新築マンション発売戸数減少の余波

ブログテーマ:マンション業界出身者が業界の裏側を知り尽くした目線で、マンション購入に関する疑問や諸問題を解き明かし、後悔しないためのハウツーをご紹介・・・・原則として、毎月5と10の日に投稿しています。

このほど、不動産経済研究所から2015年1年間の新築マンションデータが発表されました。

それによれば、首都圏の発売戸数は4万449戸で前年の4万4913戸から9.9%減となったそうです。東京が2万3899戸で前年比5.2%減、神奈川県7,964戸(同、21.3%減)、埼玉県4,415戸(同、1.3%減)、千葉県4,171戸(同、18.5%減)と軒並み減っています。

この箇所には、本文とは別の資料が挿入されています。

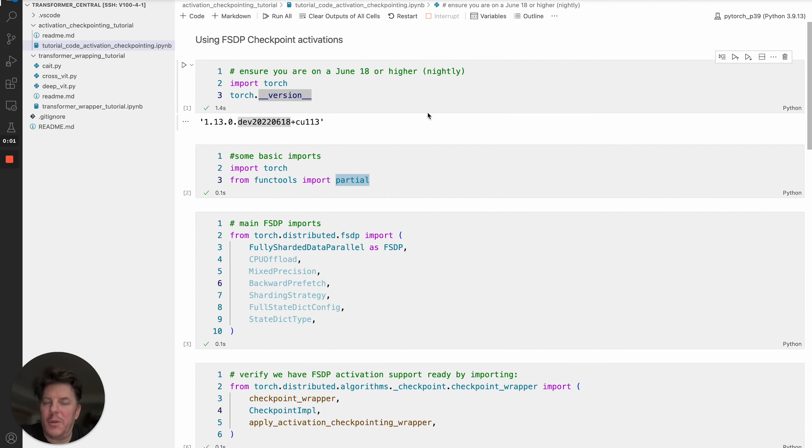Hi everyone, my name is Les with MetaAI, and today we're going to talk about using checkpoint activations with FSDP, or Fully Sharded Data Parallel.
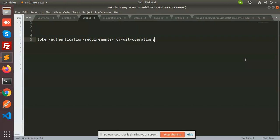Git has introduced a new method called token authentication requirements for Git operations. Whenever you try to take a pull, push, or any operation, you'll get this error like 'token authentication requirements for Git operations.' So what are the processes to overcome this?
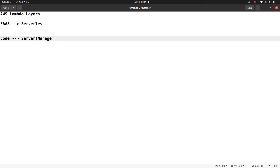Now that you have a little bit of an idea about Lambda, let's try to understand Lambda layers. Let me explain with the help of a practical example, but before that, let me give you a one-liner: what Lambda layer is and what it does — it will let you share your code.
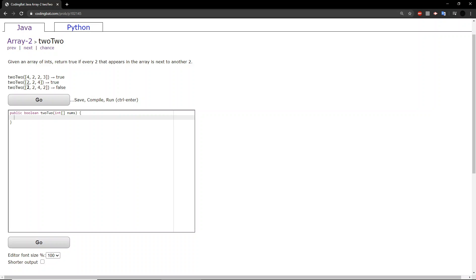In the third example, although we have two twos next to each other, one of the twos is outside, or disconnected, so we return false.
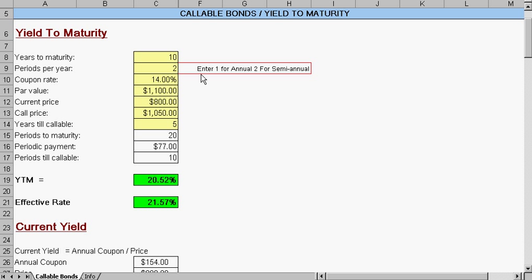This spreadsheet helps calculate callable bonds, yield to maturity, and other yields. First, we can see several yellow fields that need to be entered.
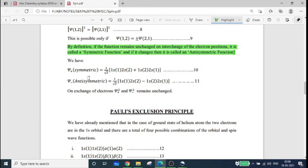By definition, the positive case gives a symmetric wave function. Since minus times minus is positive, the anti-symmetric case also yields a result that must be considered. A symmetric function times an anti-symmetric function will always produce an anti-symmetric wave function.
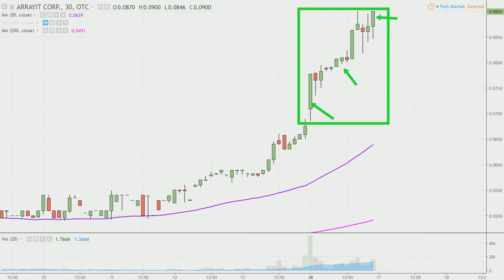I like to use this time frame because it does a good job of telling the story of the price, and makes mapping out levels of support and resistance a bit easier to see.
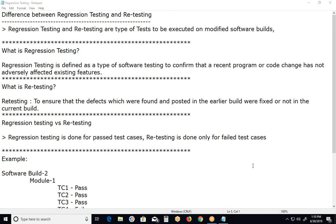Welcome to GCRD Technologies. This video covers the difference between regression testing and retesting.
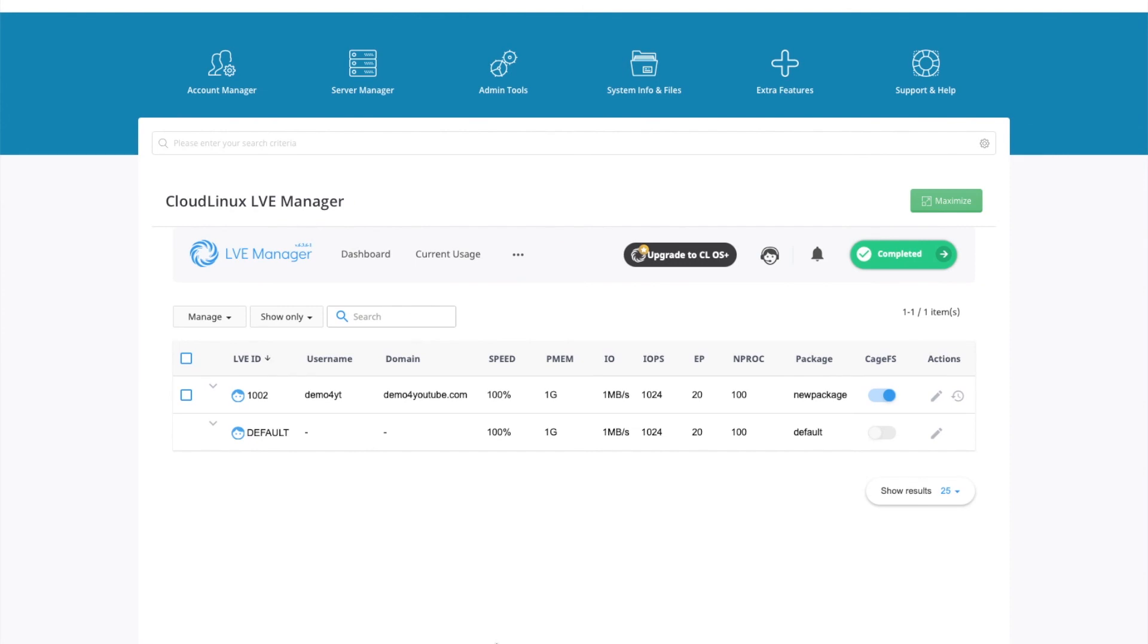Please view our other videos to learn how to do additional things in DirectAdmin. Such as installing Let's Encrypt and guides to migrate from cPanel to DirectAdmin.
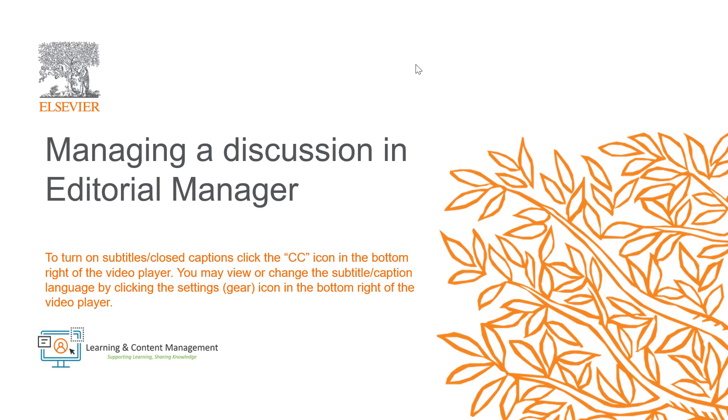In this video, I will provide instructions to editors on how to manage a discussion using the Discussion Forum feature in Editorial Manager. For instructions on initiating a discussion, please watch the Initiating a Discussion video.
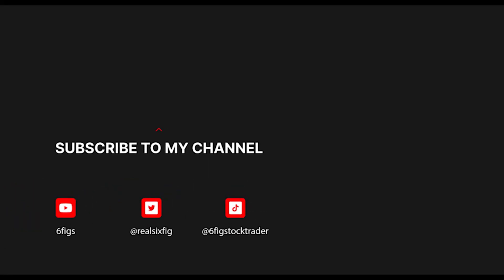Consider subscribing and liking the video if you found this tutorial helpful. Here's a video I promised on how to create an internet identity by our friends over at ICP squad.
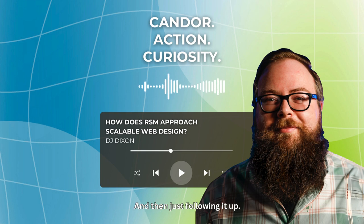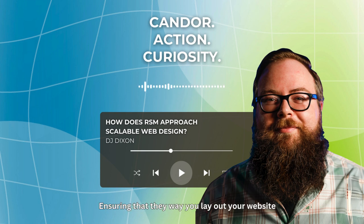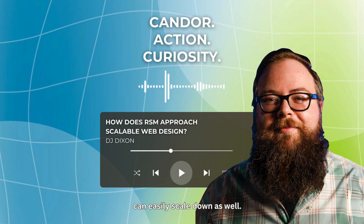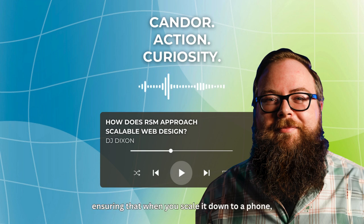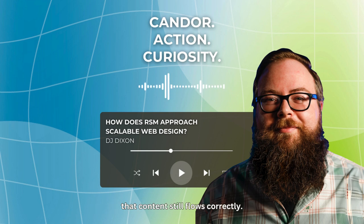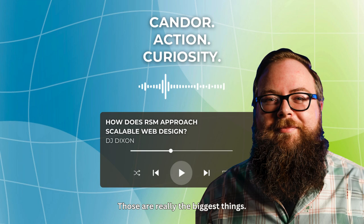And then just following it up, ensuring that the way you lay out your website can easily scale down as well. So if you've got multiple columns next to each other, ensuring that when you scale it down to a phone, that content still flows correctly. Those are really the biggest things.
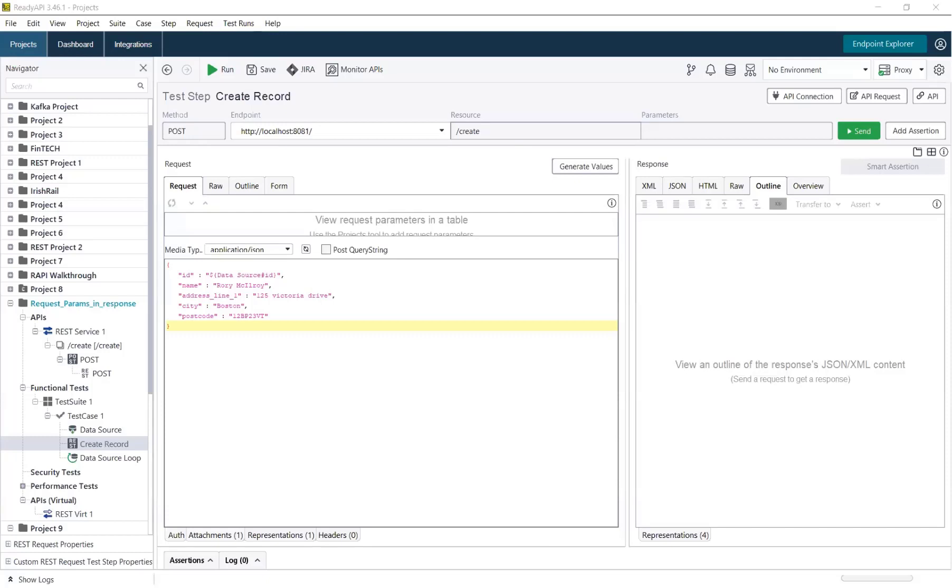Hello. On more than one occasion, we've been asked how to return request parameters in a response. There are a number of scenarios and use cases for simulating this kind of behavior, for example, simulating token generation.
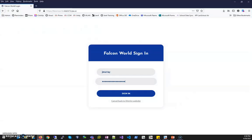Once you're at the logon page, you will log in with the same credentials that you use for your laptop and also for Office 365.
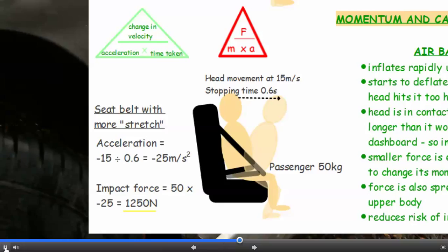Using that in the second equation, the impact force is mass times acceleration — 50 times minus 25 — which is 1250 newtons. So it's considerably less.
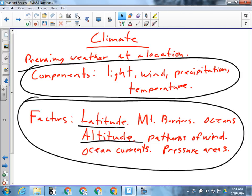Okay, so we'll start — we'll do Unit 4. Because Unit 4 is fresh in our minds, we'll be able to go through it really quick. Remember what climate is: climate is the prevailing weather at a location. Remember the difference between the components and the factors — the factors make the components what they are.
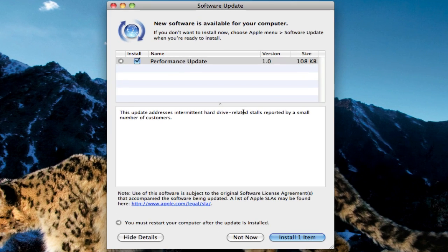Hey guys, there is a performance update for all Macs for Leopard and Snow Leopard and it's a really small update, only 108 kilobytes.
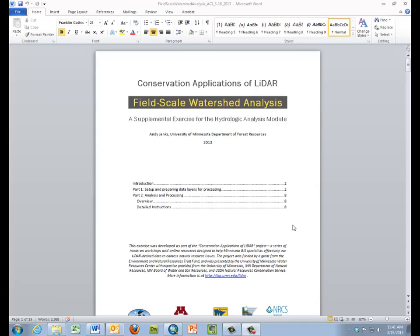Supporting the Field Scale Watershed Analysis, a supplemental exercise for the hydrologic analysis module. Each of these videos will have a separate subject. This first one will cover the setting up of the basic data required.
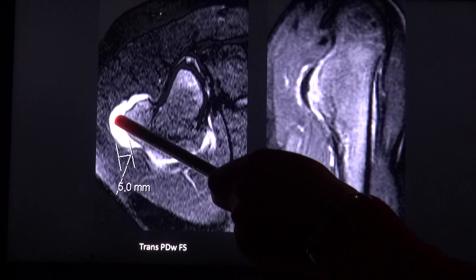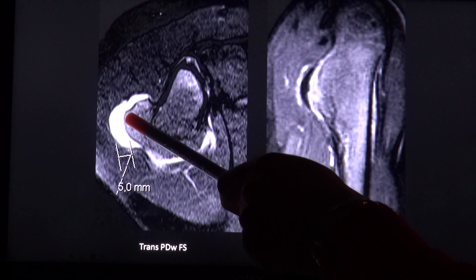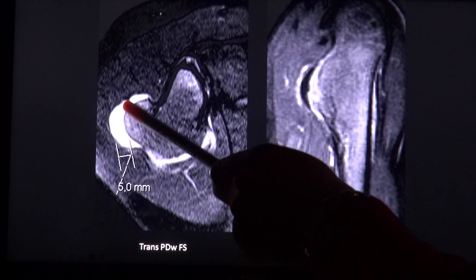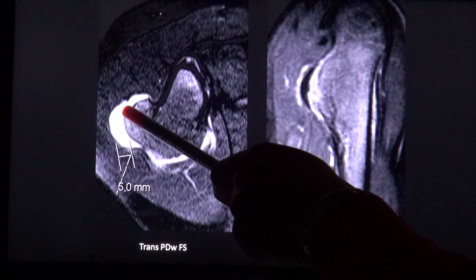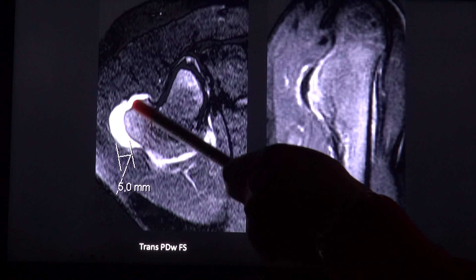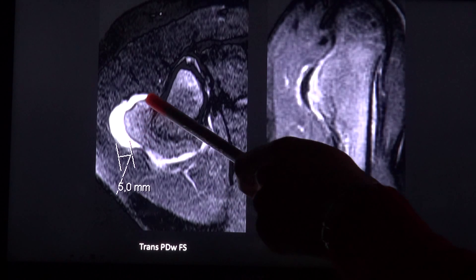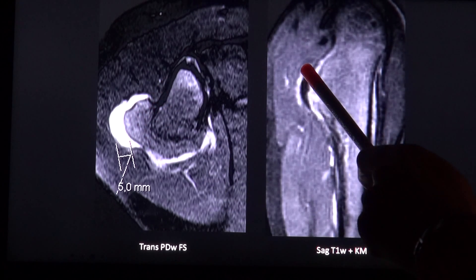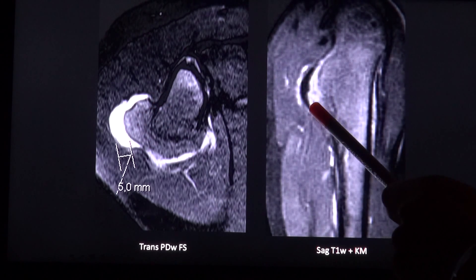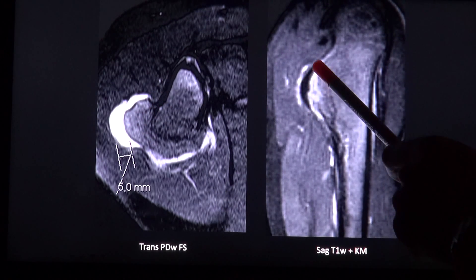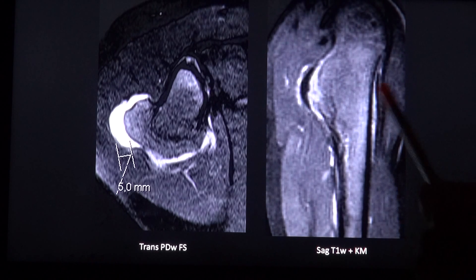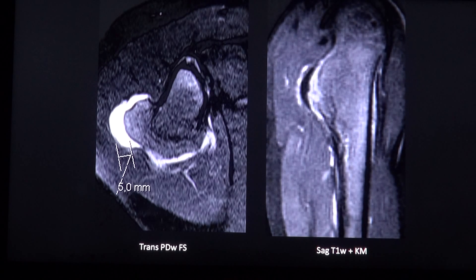Another example with the bright cartilaginous cap sitting on top of this lesion. After contrast injection you don't see any enhancement.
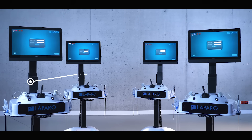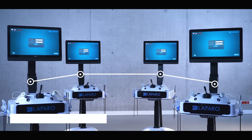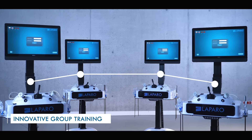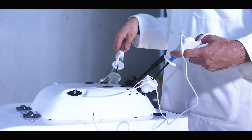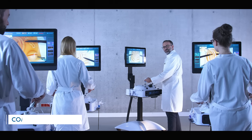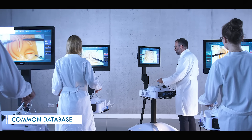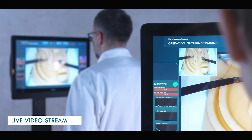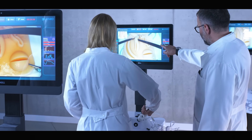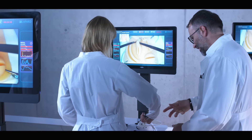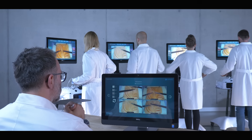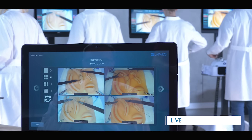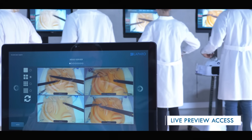LaparoAnalytic devices can be connected into one network, introducing innovative functionality to group training sessions. The system uses a common database, so users will have access to their accounts at each station. The instructor can stream their own preview from the laparoscopic camera to students' devices, allowing the whole group to follow the instructor and perform training step-by-step. The instructor also has live access to the previews from all stations, which significantly improves workshop quality.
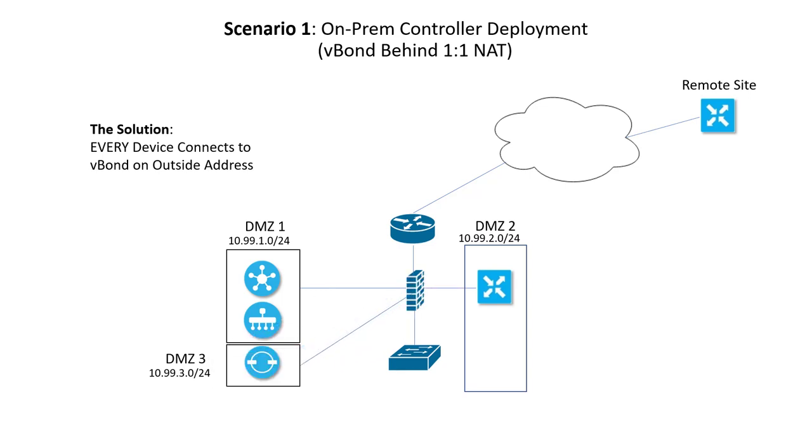Now, when the vManage contacts the vBond, it does so through a NAT. When the vBond learns the NAT IP and port, it can send that info to other devices for control plane tunnel setup.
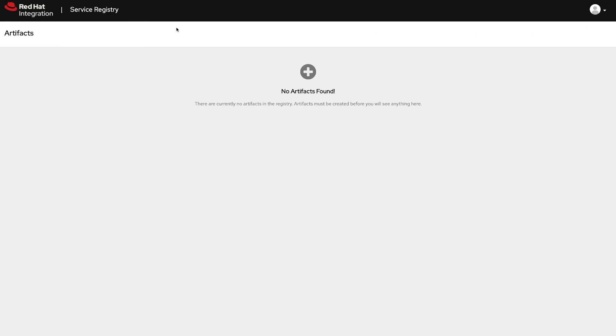That's it! I hope you liked this video on how to secure your Apicurio service registry with Red Hat integration and Red Hat single sign-on. See you next time!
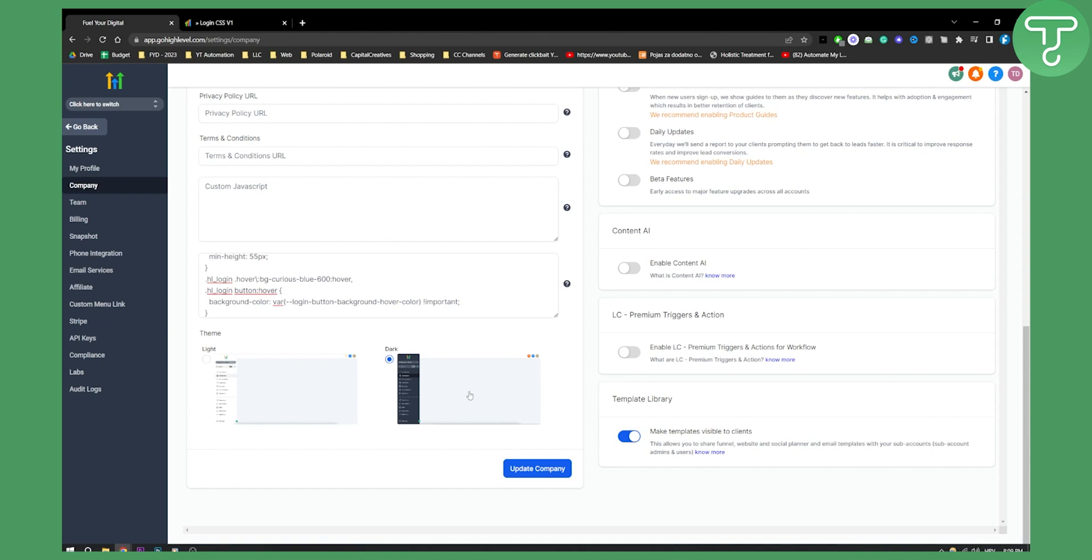So once you have that, your login page will be changed completely. So that's how you can customize Go High Level account login page. If you have any questions or comments, you can comment down below and we'll see you in the next video. Thank you guys for watching.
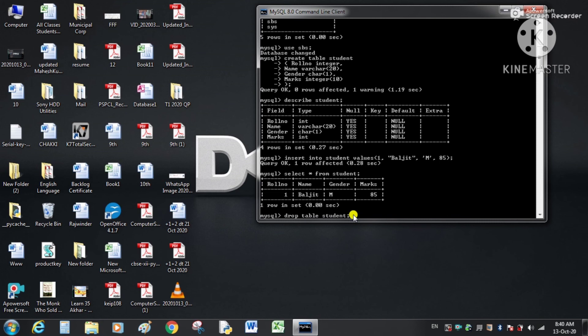I hope you have understood these commands — how to create a database, how to use it, how to create a table, insert data, and delete tables. If you have a PC at home, install MySQL and practice all these commands. That's all for today; we will continue in the next video. Thank you very much.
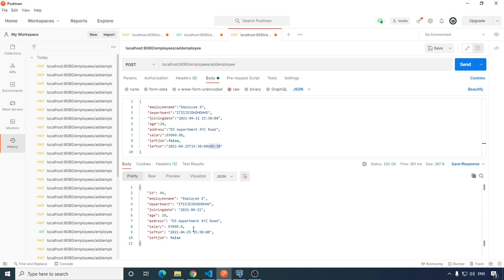So this is how we can customize our date-time format in Spring Boot. That's it for this video. I hope you liked it — if so, please hit the like button and subscribe to my channel. Thanks for watching, bye bye and take care.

中でも東京23区は1万8472戸で前年の2万774戸から11.1%の大幅な減少となったのです。唯一増えたのが東京都下(5,427戸。22.6%)でした。八王子市た立川市、西東京市などで大型マンションの発売が相次いだためでした。

大幅な減少の要因についてはさておき、供給減少には二つの意味があります。今日は、それについて解説しようと思いますが、その前に同研究所が例年のとおり事業主別の供給ランキングも同時に発表していますので、それを紹介しておきます。

●2015年・事業主別の新築マンション供給戸数ランキング(全国ベース)

第1位:住友不動産 5,398戸(2年連続1位)
第2位:野村不動産 4,556戸
第3位:三井不動産レジデンシャル 4,308戸
第4位:三菱地所レジデンス 4,005戸
第5位:大和ハウス工業 2,770戸
第6位:プレサンスコーポレーション 2512戸
第7位:東急不動産 1,838戸
第8位:東京建物 1,501戸
第9位:大京 1,440戸
第10位:タカラレーベン 1,399戸

目立つのは、関西資本のプレサンスコーポレーションと東京のタカラレーベンがBEST10に食い込んでいることですが、あとは全て大手デベロッパーで占められています。メジャー7と呼ばれる7社以外で唯一顔を出しているのが大和ハウスです。

相変わらず、大手の寡占化状態は変わっていないと言えるでしょう。

●新築マンションの発売戸数推移を見る

首都圏の新築マンション発売戸数は、2000年代初頭を見ると7万戸から8万戸もあったことをご存知でしょうか。ピークには9万戸を超えています。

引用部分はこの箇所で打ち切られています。